In a burst of reading energy at the end on the year, I was able to read two wonderful January releases: The Guest Room by Chris Bohjalian and The Swans of Fifth Avenue by Melanie Benjamin. I read The Guest Room in audio and The Swans of Fifth Avenue in print. That I read them concurrently was kismet. Both novels were engrossing, but Swans was a delicious relief when The Guest Room was particularly challenging. I highly recommend them both, separately or in tandem. Here are more specific thoughts on each:
The Guest Room by Chris Bohjalian
This novel begins with a bachelor party held at the home of Richard Chapman and his wife, Kristin. Richard’s brother is getting married and the hope was that by hosting the party at his home, Richard could keep the celebration from getting out of hand. They both assumed there would be a stripper, but they had absolutely no idea what they were getting themselves into when the brother’s friend took it upon himself to hires not one, but two strippers. These women, who may or may not have been of age, were trafficked into the United States from Eastern Europe and were not working as strippers, as Richard and Kristin had hoped, to pay off college. When things go wrong, the lives of everyone involved are thrown into chaos. The story follows Richard and Kristin and the toll one night can take on their marriage, family, and professional lives. It also follows Alexandra, the story of how she became a sex slave, and what happens to the girls at the end of that fateful night.

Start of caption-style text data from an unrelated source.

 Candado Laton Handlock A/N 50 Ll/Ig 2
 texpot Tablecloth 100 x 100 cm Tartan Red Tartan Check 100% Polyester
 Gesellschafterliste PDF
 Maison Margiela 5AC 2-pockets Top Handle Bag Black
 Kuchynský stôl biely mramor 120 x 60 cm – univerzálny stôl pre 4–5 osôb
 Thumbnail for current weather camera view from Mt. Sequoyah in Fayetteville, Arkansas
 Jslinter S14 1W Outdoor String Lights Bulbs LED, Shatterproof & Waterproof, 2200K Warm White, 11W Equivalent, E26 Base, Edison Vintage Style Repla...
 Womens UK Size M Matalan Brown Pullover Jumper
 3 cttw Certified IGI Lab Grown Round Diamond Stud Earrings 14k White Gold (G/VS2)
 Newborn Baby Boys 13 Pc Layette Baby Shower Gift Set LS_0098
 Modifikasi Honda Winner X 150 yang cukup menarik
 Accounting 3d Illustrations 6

While The Guest Room can be hard to read, especially as Alexandra recounts her childhood, kidnap, and journey to the United States, it’s such an important look at both our society and our world. For me personally, it opened my eyes to my own privilege and to how much I assume about the strangers I interact with or hire for specific services. The connection between the girls hired for that bachelor party and their situation in life might be easier to see or to consider, but I blanketly assume that everyone I interact with is doing so voluntarily. After all, I’m working and engaging in commerce voluntarily, right? I think of myself as an observant person, but there is so much that I don’t see because I’m not looking. This novel was very much a call to action for me.
Both Mozhan Marno and Grace Experience, the narrators of this audiobook, were new to me narrators. They both fit very well in their role. Marno told this story from the viewpoint of both Richard and Kristin and was well suited for both roles. I especially enjoyed her work on the sleazier men who attended the bachelor party. Chris Bohjalian certainly wrote some really good hate-worthy characters. Experience was outstanding as Alexandra. She fully embodied Alexandra, bringing her and her life into my car with me. I often find audiobooks more difficult than print when it comes to this kind of content, but, as with The Guest Room, it’s also more rewarding.
As an added bonus, Chris Bohjalian wrote a little about Alexandra’s life in New York City in a short story called, “Nothing Very Bad Could Happen To Your There.” You can get a copy of the PDF here. Enjoy!
The Swans of Fifth Avenue by Melanie Benjamin
The Swans of Fifth Avenue begins with Truman Capote, proud as a rooster over the success of In Cold Blood, entertaining the five most glamorous and sought after socialites of New York City at La Côte Basque restaurant. He calls them his swans and, while they are amused by him, they can’t agree how this funny little man became part of their inner circle. They argue over who introduced him first. He gives them each selective bits and pieces of himself or the self he’d like to portray, letting them all privately believe that she was his best swan. As the story unfolds, it becomes clear that Babe Paley is Truman’s favorite. The trouble the swans get into is opening up their lives to an outsider author who is becoming increasingly desperate to recreate the glory of In Cold Blood.
There is something downright fun about reading a novel full of high society and gossip. Knowing that there is going to be a terrible collision down the road makes the ride that much more exciting. I’ve previously read the novel Capote in Kansas by Kim Powers and Swans picks up where it left off. Capote found the fame he desired and delighted in each and every moment. What he hadn’t counted on was the cost of maintaining it. On the other side of the coin, Babe had the fame Capote lusted after. She was born and raised for it. Her dream was the desire to connect with another person deeply and to be understood beyond her superficial status. Truman’s charm and warmth provided her that and it set them both upon a slippery slope. While I called Truman many names throughout the novel, I empathized with them both. This didn’t stop me from enjoying their journey over the edge of the cliff.
The Swans of Fifth Avenue made my Christmas break entertaining and relaxing. I was drawn into Melanie Benjamin’s story from the very beginning and I found the ending to be wholly satisfying. This would be a great book to have by your side during a blizzard or a lazy Saturday morning.
This novel also has an added bonus. Benjamin wrote a short story prequel to The Swans of Ffth Avenue called “Reckless Hearts.” It features Swan Slim Hawks Hayward and Ernest Hemingway. I listened to this story in audio and enjoyed every second. It is narrated (as is the novel) by the lovely and talented Cassandra Campbell. Listening will be the best couple of bucks you spend all year. It doesn’t matter in which order you read them. “Reckless Hearts” takes place first chronologically, but I listened to it while reading Swans. It’s all good.